↓
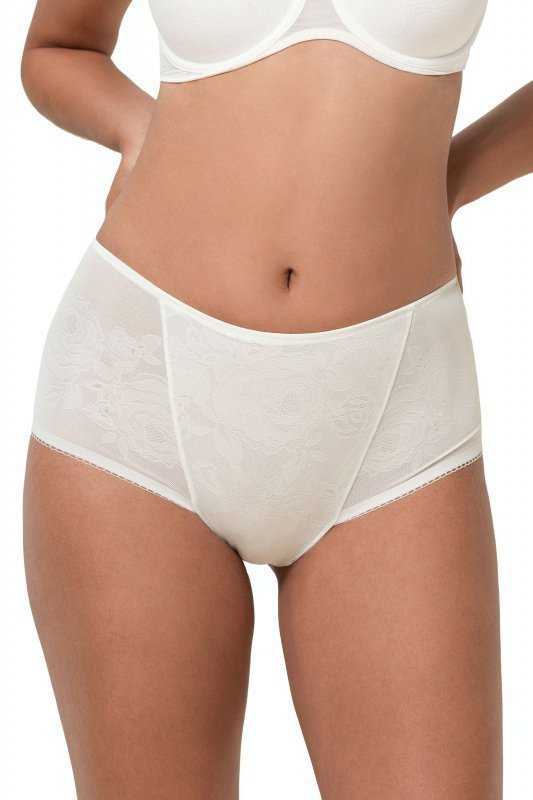 Triumph Wild Rose maxi ecru Kalhotky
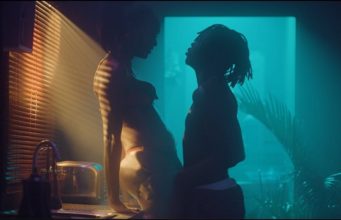 Fireboy DML Tattoo Video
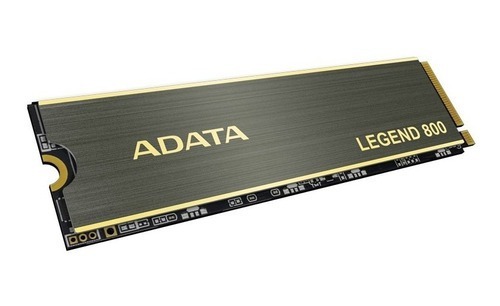 Disco Ssd Adata Legend 800 1tb M2 Gen4 X4 3.500/2.800mb/s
↑
#### Required work:
Could you copy the data above exactly, leaving the pictures out?

#### Completed exercise:
 Triumph Wild Rose maxi ecru Kalhotky
 Fireboy DML Tattoo Video
 Disco Ssd Adata Legend 800 1tb M2 Gen4 X4 3.500/2.800mb/s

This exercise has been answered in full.